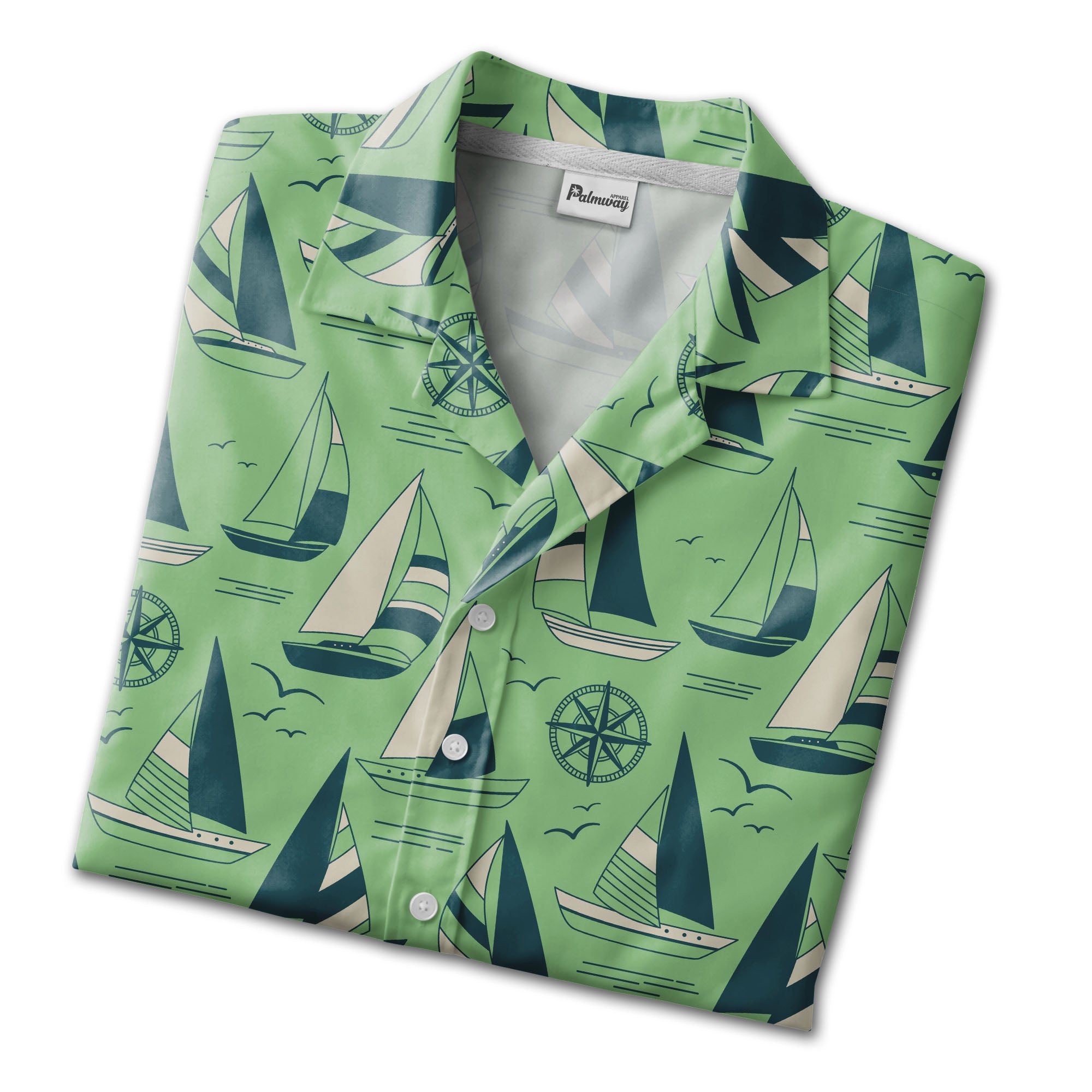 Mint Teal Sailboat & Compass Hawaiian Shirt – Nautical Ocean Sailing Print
==
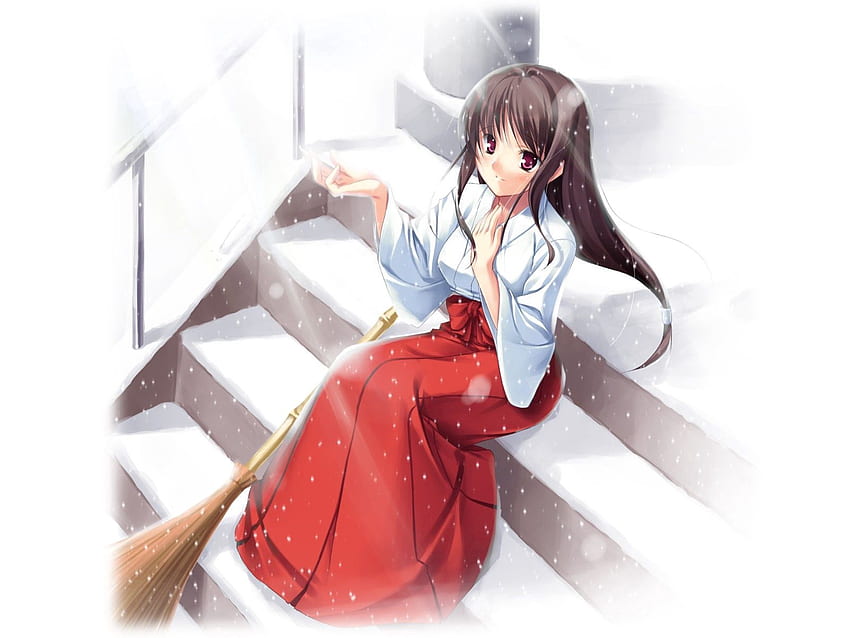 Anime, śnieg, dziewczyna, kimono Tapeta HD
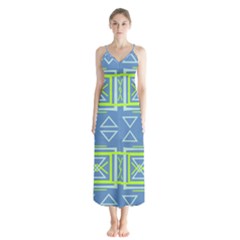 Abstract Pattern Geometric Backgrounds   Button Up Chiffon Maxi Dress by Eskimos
* * *
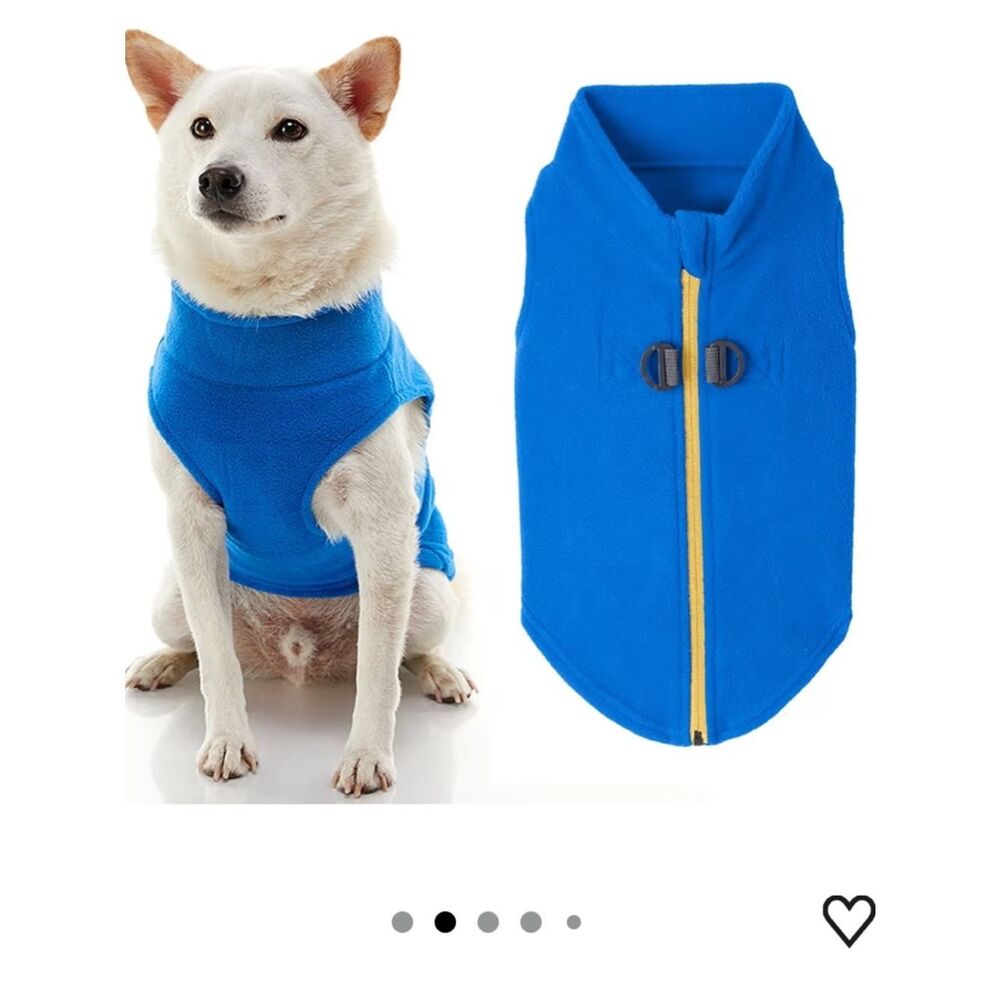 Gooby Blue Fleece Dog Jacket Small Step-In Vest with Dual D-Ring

Required action>
Look through the material above. Transcribe exactly the lines between the ones with "Anime, śnieg, dziewczyna, kimono Tapeta HD" and "Abstract Pattern Geometric", inclusive, and keep pictures out.

Reply to the task>
 Anime, śnieg, dziewczyna, kimono Tapeta HD
 Abstract Pattern Geometric Backgrounds   Button Up Chiffon Maxi Dress by Eskimos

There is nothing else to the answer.